The line that contains "view of front facade featuring a front yard" marks the start. Please set it down, with every later line of the data, exactly and without pictures.

## Records for this task
--- START ---

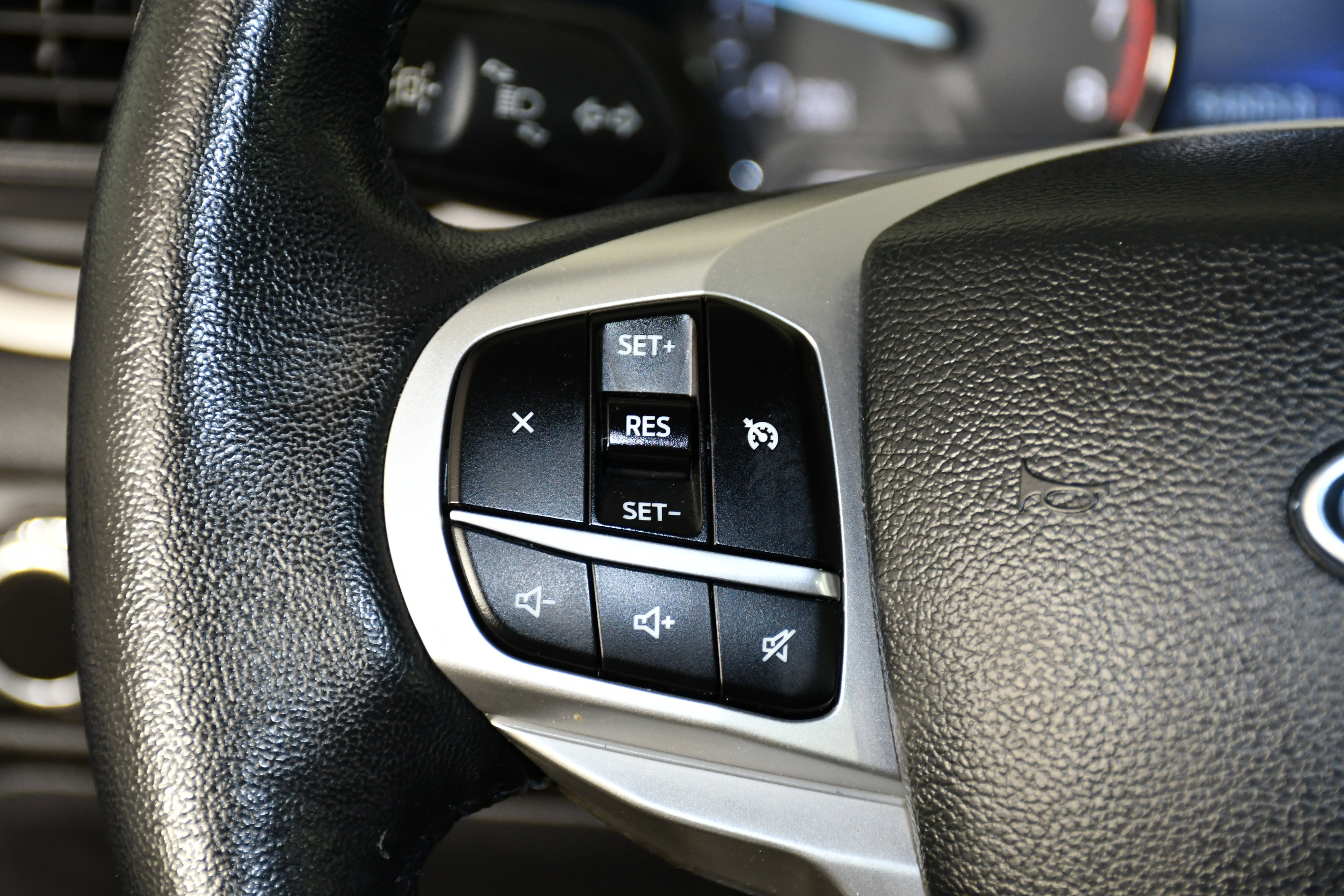 Used 2023 Ford Explorer XLT image 20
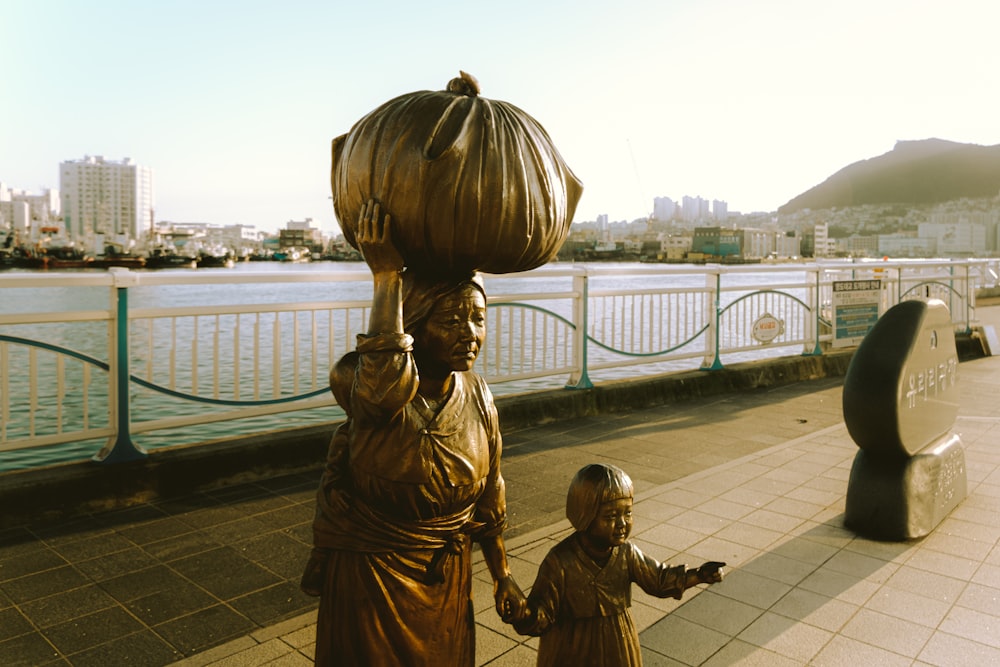 une statue d’une femme portant un panier sur la tête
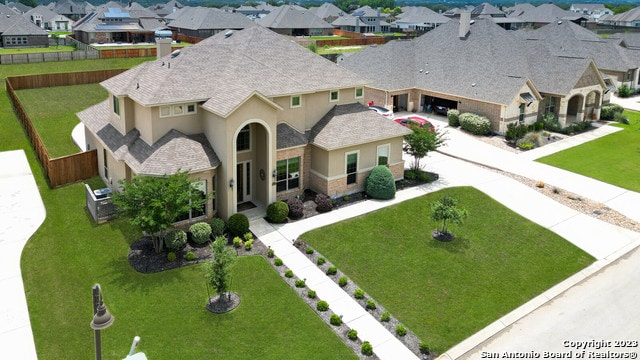 view of front facade featuring a front yard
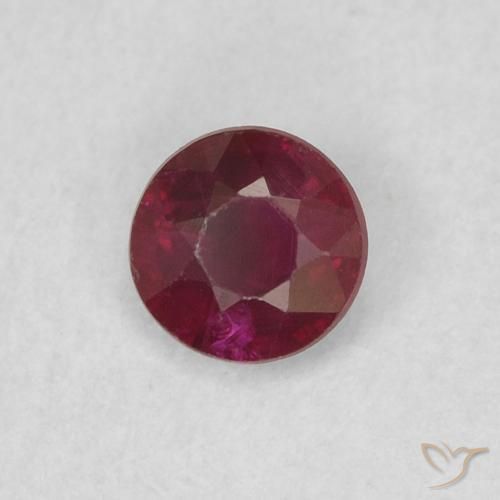 Rubis Rouge foncé naturelle Tour, 0.26 ct, SI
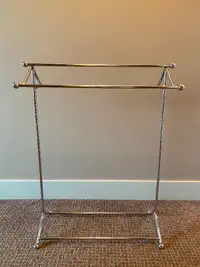 Freestanding towel/laundry drying rack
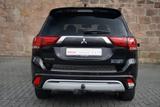 Mitsubishi Outlander 2.4Hybrid PHEV Basis 4WD Standheizung - Mitsubishi: Von Händlern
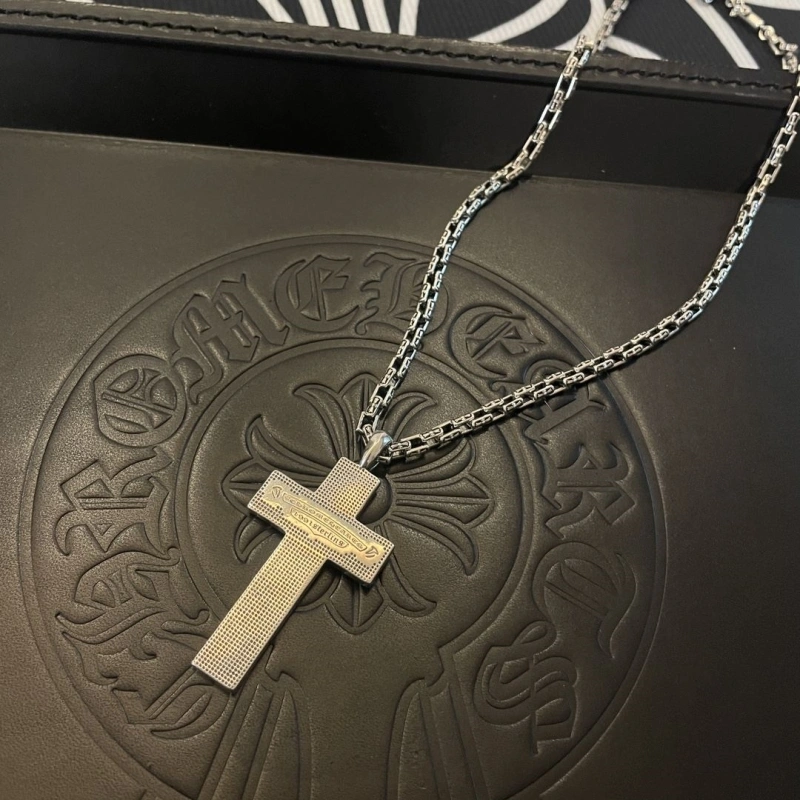 GoodFit Chrxmx Hxxrts Necklaces 299905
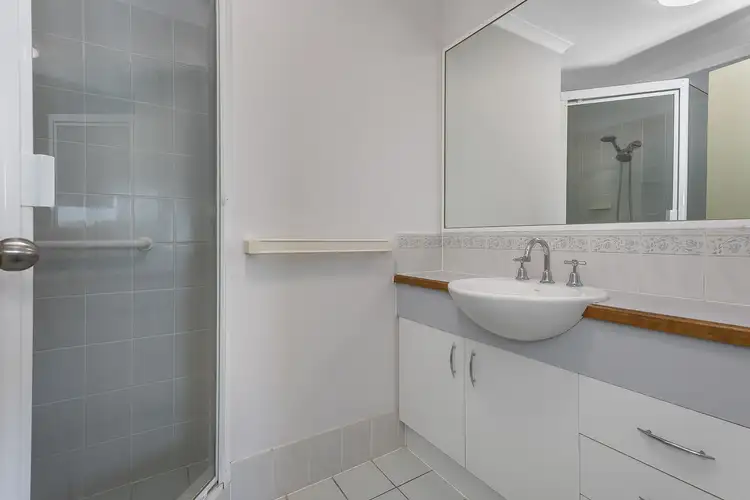 Sixth view of Homely unit listing, 5/154 Eagle Terrace, Sandgate QLD 4017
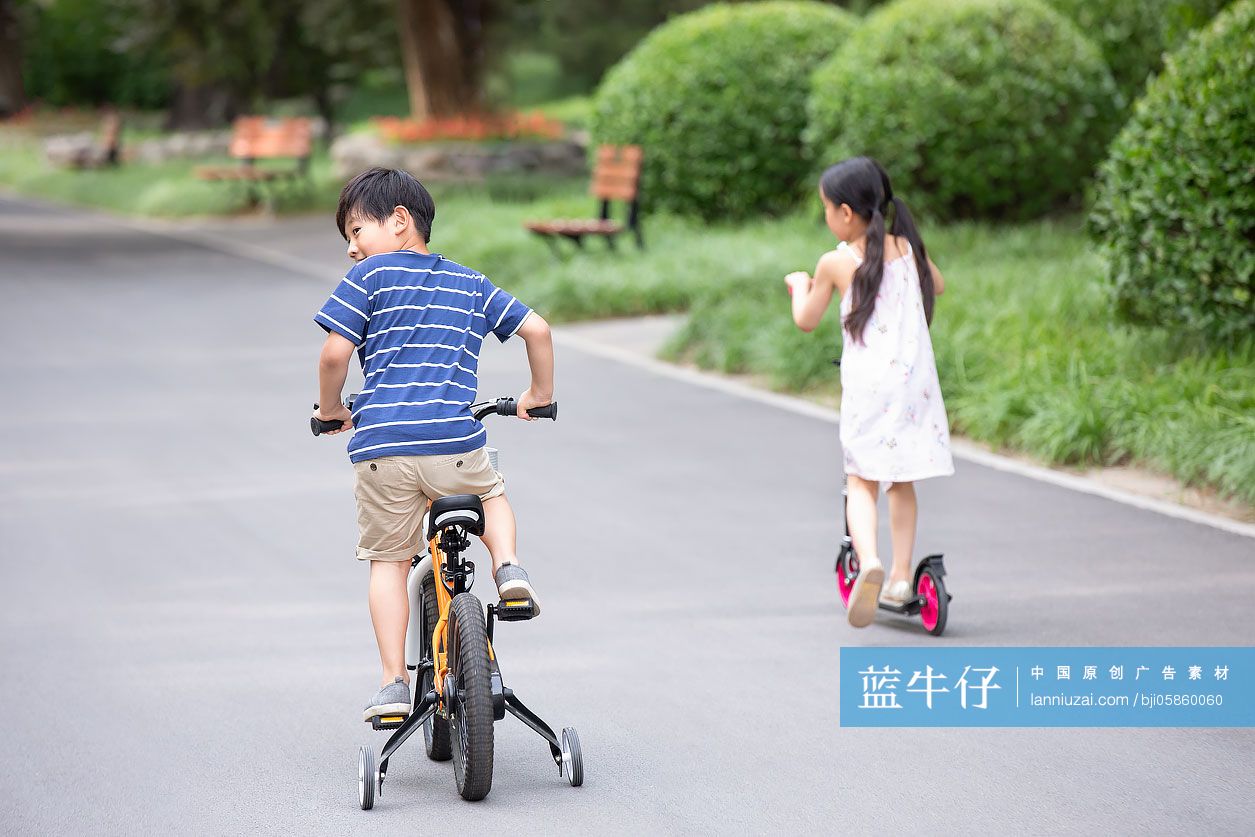 快乐的的姐弟俩在草地上玩耍-蓝牛仔影像-中国原创广告影像素材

--- END ---

## Solution to the problem
 view of front facade featuring a front yard
 Rubis Rouge foncé naturelle Tour, 0.26 ct, SI
 Freestanding towel/laundry drying rack
 Mitsubishi Outlander 2.4Hybrid PHEV Basis 4WD Standheizung - Mitsubishi: Von Händlern
 GoodFit Chrxmx Hxxrts Necklaces 299905
 Sixth view of Homely unit listing, 5/154 Eagle Terrace, Sandgate QLD 4017
 快乐的的姐弟俩在草地上玩耍-蓝牛仔影像-中国原创广告影像素材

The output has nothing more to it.